• _Work to complete_
Please repeat only the lines below starting at the line that holds "So there's a" and ending at the line that holds "So the way to", exactly, with both of those lines included and every picture omitted.
### Available data
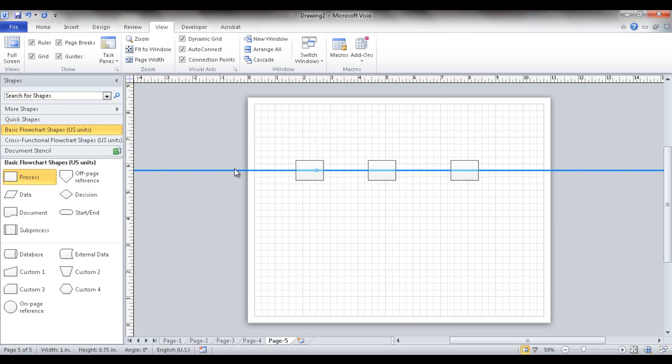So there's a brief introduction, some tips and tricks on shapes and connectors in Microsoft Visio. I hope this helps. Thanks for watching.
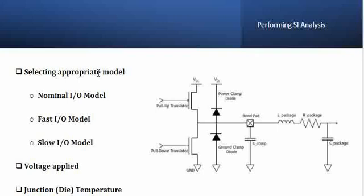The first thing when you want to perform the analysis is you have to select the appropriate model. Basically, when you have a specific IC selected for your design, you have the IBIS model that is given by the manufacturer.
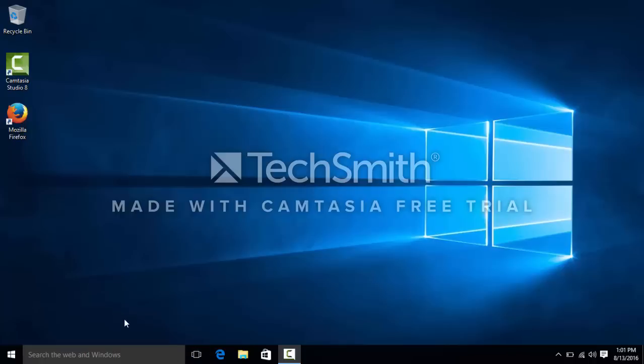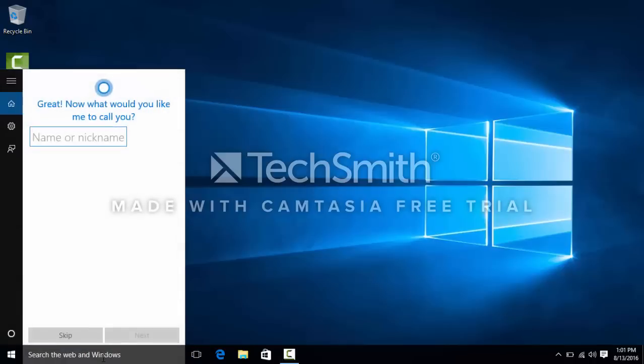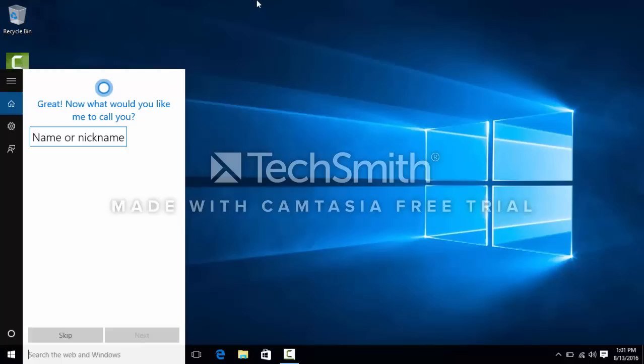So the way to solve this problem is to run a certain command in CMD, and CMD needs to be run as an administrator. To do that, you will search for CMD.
######
### Available data
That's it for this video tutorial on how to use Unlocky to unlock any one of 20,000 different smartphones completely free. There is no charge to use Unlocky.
######
• _Task solution_
So there's a brief introduction, some tips and tricks on shapes and connectors in Microsoft Visio. I hope this helps. Thanks for watching.
The first thing when you want to perform the analysis is you have to select the appropriate model. Basically, when you have a specific IC selected for your design, you have the IBIS model that is given by the manufacturer.
So the way to solve this problem is to run a certain command in CMD, and CMD needs to be run as an administrator. To do that, you will search for CMD.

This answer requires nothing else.